He can call pay rises 'selfish' all he wants: austerity hasn't worked.
On Monday, teachers became the latest to be offered another insulting 1% pay rise – continuing seven years of real-terms pay cuts amid austerity. Here, Kevin Gulliver takes down David Cameron’s intervention in the pay rise debate.
For a Prime Minister who set the wheels in motion for the UK to pulled out of the biggest trading bloc in the world, David Cameron’s intervention last week in the debate about ‘economic credibility’ raises eyebrows.
But his comments also have pointed out the central economic dilemma for Theresa May’s Government.
It’s this: should the Tories admit that the pain inflicted on the poor, the vulnerable and public sector workers since 2010 has failed, or continue with the austerity which helped deprive them of a majority in June’s General Election?
Cameron accuses the present Government of being “selfish” with the public finances in even considering lifting the public sector pay cap, while from his pulpit at the Evening Standard, former Chancellor George Osborne has said that an end to austerity will lead to a “loss of economic credibility” – even as his former colleagues scrambled to be first in line to call for a public sector pay rise.

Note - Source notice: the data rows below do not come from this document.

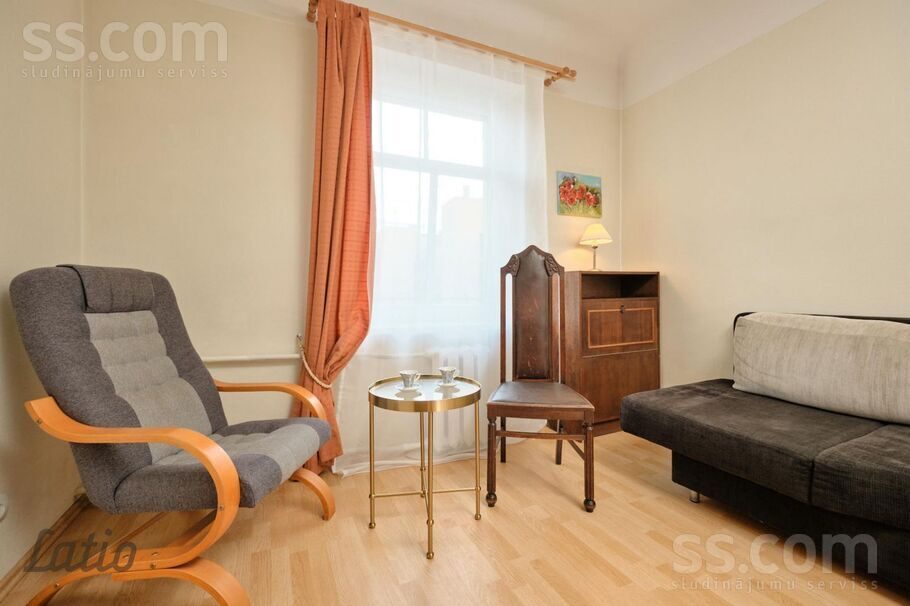 Apartment photo 4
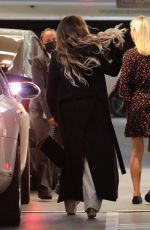 JENNIFER LOPEZ Arrives at Office Building in Los Angeles 05/09/2022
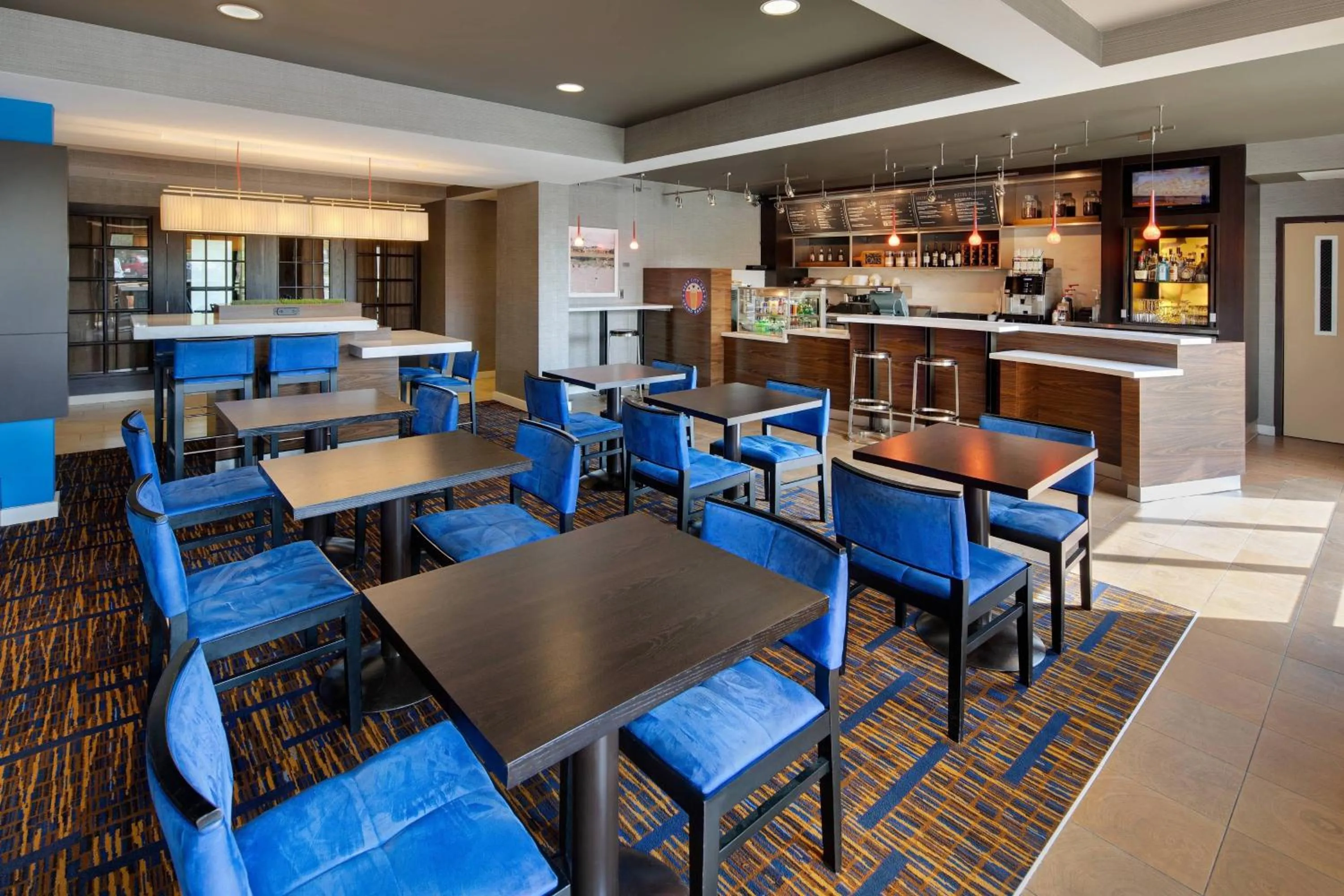 Restaurant/places to eat in Courtyard Grand Rapids Airport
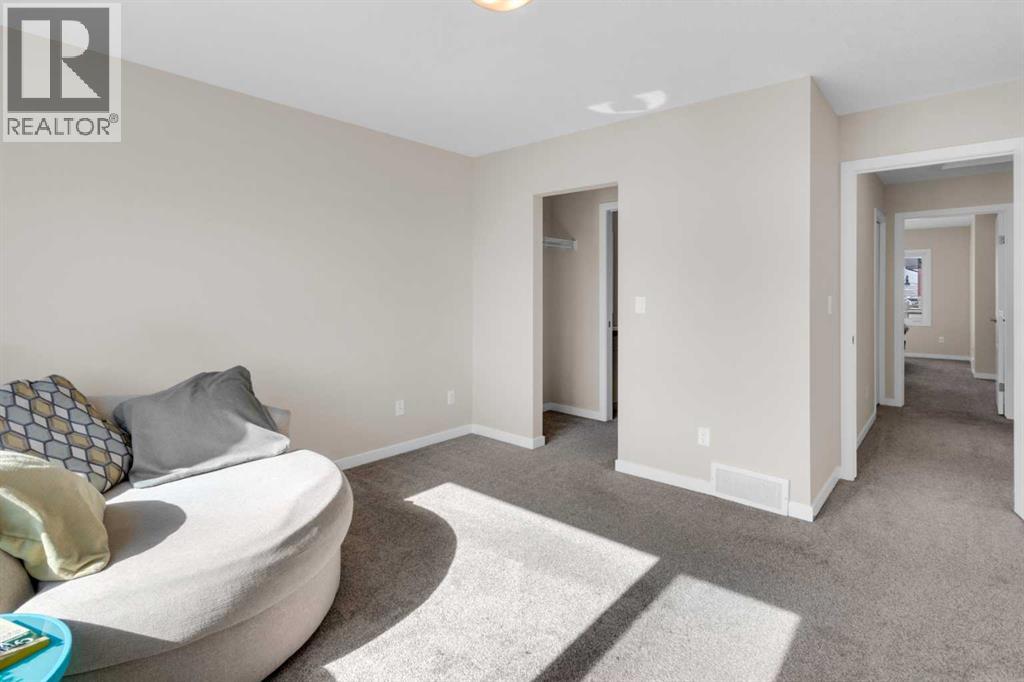 501 River Heights Drive, Cochrane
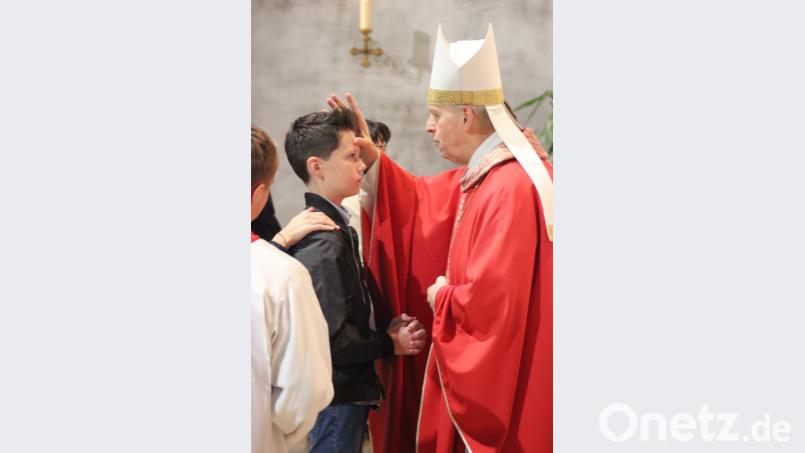 Weihbischof Reinhard Pappenberger spendet das Sakrament der Firmung. Bild: bph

The Tories are in such a mess on this issue that some claim that there has been no austerity at all while others parrot the slogan from 2010 that the UK remains close to bankruptcy. Never mind that the bankruptcy claim was always vacuous – how could the UK have been on the brink in 2010 and then be ‘recovering’ seven years later with the national debt having doubled? In any case, a country with its own currency cannot go bankrupt since it can never run out of money.
Then there is the ‘intergenerational’ argument put forward for continuing austerity – “It’s unfair to saddle the next generation with debt” by “living beyond our means” in the present. The chart shows how ludicrous this argument is – the reality is that the UK’s national debt goes back to 1692 and has never been paid back in its entirety.
The intergenerational argument is equivalent to saying that the Victorians had to pay for the Napoleonic wars, or that the Edwardians carried the costs of the Boer war, or that 1960s taxpayers paid down debt built-up in the 1930s Great Depression. Debt is always passed on between generations. For example, a World War I loan was only paid back in 2015.
The national debt today stands at £1.7tr, or about 89 per cent of GDP – although some have argued that around £435bn of this is now owned by the UK government as a result of its quantitative easing programme, so should not be included in the national debt total at all.
A public sector pay rise is predicted to cost £9bn per year, which could be borrowed or raised in taxes on the better-off. Yet what is often left out of such scaremongering is that HM Treasuring gets back at least 40 per cent of any rise through income tax, national insurance and VAT – while the economy receives significantly beneficial effects from public workers spending their extra pay.
Austerity, which has not worked in its intention of returning the UK’s national accounts to surplus, has had disproportionate and damaging effects on the nation’s most disadvantaged communities. Women, the unemployed, disabled people and low paid workers have borne the brunt of austerity, even as Osborne’s quantitative easing has boosted share value and the wealth of the rich.
Local government, social housing and welfare, upon which those at the bottom of the income spectrum most rely, have experienced the largest percentage cuts in spending. The rise in homelessness and rough sleeping, the steep climb in food bank usage, social cleansing in London, and perhaps even the Grenfell Tower fire, are all indicators of how spending cuts have adversely affected the disadvantaged.
What’s clear is that today’s national debt is nothing unusual when looking back at the last three centuries. Equally true is that paying down the public debt to lower levels following a spike usually takes at least a generation and should be achieved through long-term economic growth and improvements in productivity and exports – not by short-term attacks on public services.
Kevin Gulliver is Director of Birmingham-based research charity the Human City Institute, is former Chair of the Centre for Community Research, and part of the SHOUT save social housing campaign, but writes in a personal capacity.